時代のために魔狼となる覚悟を決め、余命少ない
トキを襲撃し拉致。ケンシロウを
自らの居城へと誘い込み、怒りによって本気を出させることで、その真の力を実感。時代はラオウよりケンシロウを望んでいること、そして妹ユリアの目に間違いは無かったとを確信し絶命した。

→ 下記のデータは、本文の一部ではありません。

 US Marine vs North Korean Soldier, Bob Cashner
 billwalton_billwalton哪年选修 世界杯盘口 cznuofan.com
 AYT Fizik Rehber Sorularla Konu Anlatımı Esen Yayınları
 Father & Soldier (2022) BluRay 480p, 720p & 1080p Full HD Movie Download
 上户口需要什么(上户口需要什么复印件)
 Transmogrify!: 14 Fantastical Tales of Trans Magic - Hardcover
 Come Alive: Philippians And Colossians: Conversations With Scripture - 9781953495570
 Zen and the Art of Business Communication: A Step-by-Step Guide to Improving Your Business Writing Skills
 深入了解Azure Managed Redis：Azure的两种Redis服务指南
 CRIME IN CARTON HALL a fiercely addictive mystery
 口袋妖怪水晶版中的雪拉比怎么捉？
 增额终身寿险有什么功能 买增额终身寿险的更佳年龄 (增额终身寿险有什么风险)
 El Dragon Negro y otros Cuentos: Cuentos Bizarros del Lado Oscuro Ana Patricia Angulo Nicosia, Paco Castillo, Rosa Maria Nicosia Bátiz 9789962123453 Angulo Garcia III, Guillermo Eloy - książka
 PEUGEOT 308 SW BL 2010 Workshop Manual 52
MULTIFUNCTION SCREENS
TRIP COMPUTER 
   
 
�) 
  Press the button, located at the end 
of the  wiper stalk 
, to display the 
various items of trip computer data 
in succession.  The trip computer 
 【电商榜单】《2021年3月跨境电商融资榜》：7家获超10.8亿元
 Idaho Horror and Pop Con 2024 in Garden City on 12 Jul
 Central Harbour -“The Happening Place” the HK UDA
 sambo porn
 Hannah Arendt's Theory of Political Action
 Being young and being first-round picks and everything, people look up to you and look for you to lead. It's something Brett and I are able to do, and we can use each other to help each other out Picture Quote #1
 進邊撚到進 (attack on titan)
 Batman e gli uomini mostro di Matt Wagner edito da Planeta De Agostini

尚、ケンと闘う前に既に割腹しており、それが直接の死因となったらしい。
TVアニメ版では、一度ケンシロウに勝負を申し込むも、闘う理由がないとして逃げられるというエピソードが描かれている。また、初登場の際には、廃墟と化した
サザンクロスを訪れ、ユリアの墓に花を手向けている。
『ラオウ外伝 天の覇王』では、
リュウロウと戦いでラオウが鬼に目覚めのを機に、拳王軍へと参加。一切の情を捨てた鬼と化し、ラオウの悪評のすべてをを自らが被る覚悟で覇権に貢献した。
レイナと共に
サザンクロスへと赴れた際には、義理の弟であるジュウザと対面。KINGの正体が
シンであること、そのシンに連れ去られたユリアが城から身を投げた事、そしてケンシロウとシンの対決が目前に迫っている事を知り、
拳王府に帰城してラオウにその事を報告した。
冥王軍の討伐に赴いた際、敵の罠にかかり、
ガイヤの
黒山陰形拳を被弾。瀕死の負傷を負い、砂漠へと捨てられたが、一命は取り留めた。尚、リュウガ軍の兵長には
ザクが据えられている。
アニメ版では、
鉄帝ジャダムに不覚をとりかけた所を
サクヤに救われ、その謎の力も目撃。ガイヤにやられた後、サクヤが使っていたのが同じ黒山陰形拳であった事を拳王に報告した。
聖帝軍との闘いの際には、
ソウガとともに
ユダと拳を交えた。
『トキ外伝 銀の聖者』では、
アミバが動いたのを機に
奇跡の村へと出陣。村に戻ろうとする
トキを足止めし、覇道の妨げになるとして捕らえようとしたが、怒りを解放したトキに歯が立たず、
新胆中で動きを封じられた。
その後
カサンドラへと訪れ、ケンシロウやユリアが生きていることをトキに報告。北斗を乱世に導くのが己の宿命であり、そのためにもトキには生きていて貰わねばならないと告げた
『ジュウザ外伝 彷徨の雲』では、かつてジュウザがユリアを妹と知って荒れていた時、捕われの身となったジュウザを牢獄から解放。雲が如きジュウザの生き方を尊重し、出奔を手助けした。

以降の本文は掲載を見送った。